Exercise: Would you transcribe the whole listing exactly, minus its pictures?

Excerpted data:
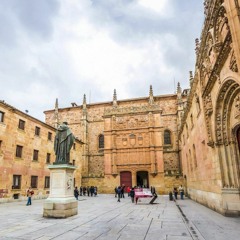 Salamanca Live Mix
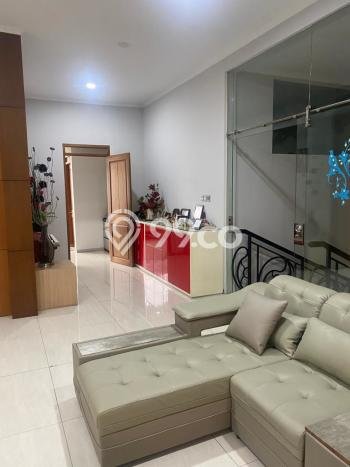 For Sale! Premium House LT 400m2 Desain Elegan di Singgasana For Sale! Premium House LT 400m2 Desain Elegan di Singgasana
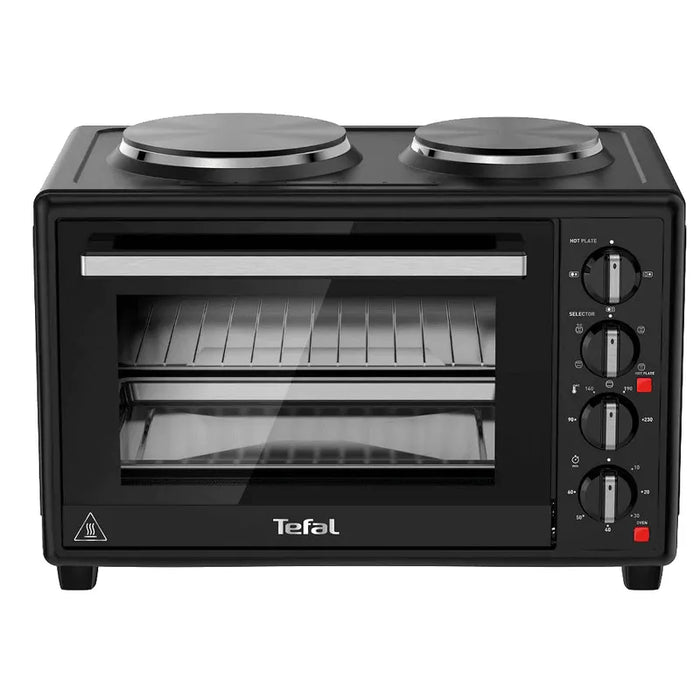 Mini oven TEFAL OF463830 Optimo 32l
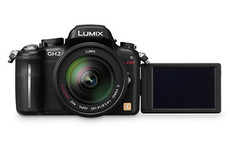 © Panasonic, Panasonic GH2 © Panasonic, Panasonic GH2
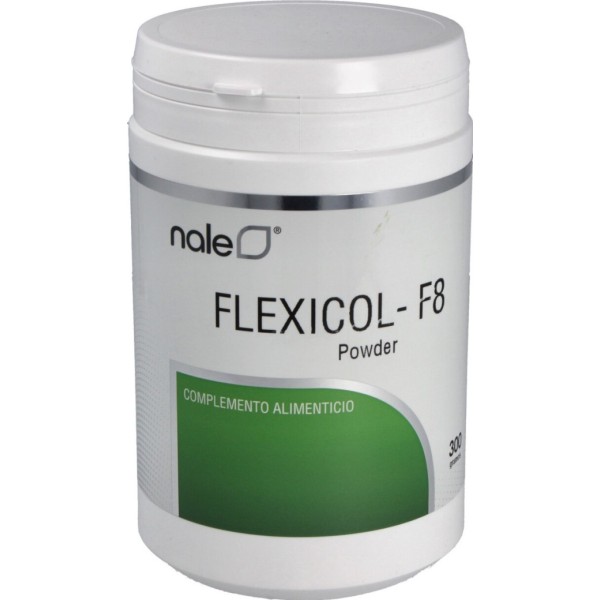 Nale Flexicol F8 Powder 300G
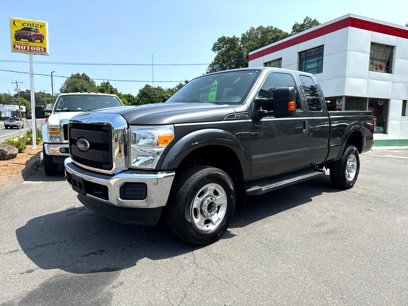 Used 2015 Ford F250 XL w/ XL Appearance Package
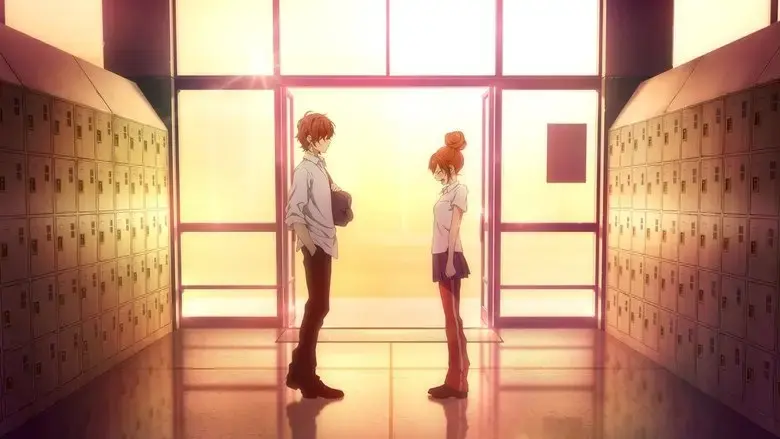I Want to Let You Know That I Love You (2016)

Output for this task:
 Salamanca Live Mix
 For Sale! Premium House LT 400m2 Desain Elegan di Singgasana For Sale! Premium House LT 400m2 Desain Elegan di Singgasana
 Mini oven TEFAL OF463830 Optimo 32l
 © Panasonic, Panasonic GH2 © Panasonic, Panasonic GH2
 Nale Flexicol F8 Powder 300G
 Used 2015 Ford F250 XL w/ XL Appearance Package
I Want to Let You Know That I Love You (2016)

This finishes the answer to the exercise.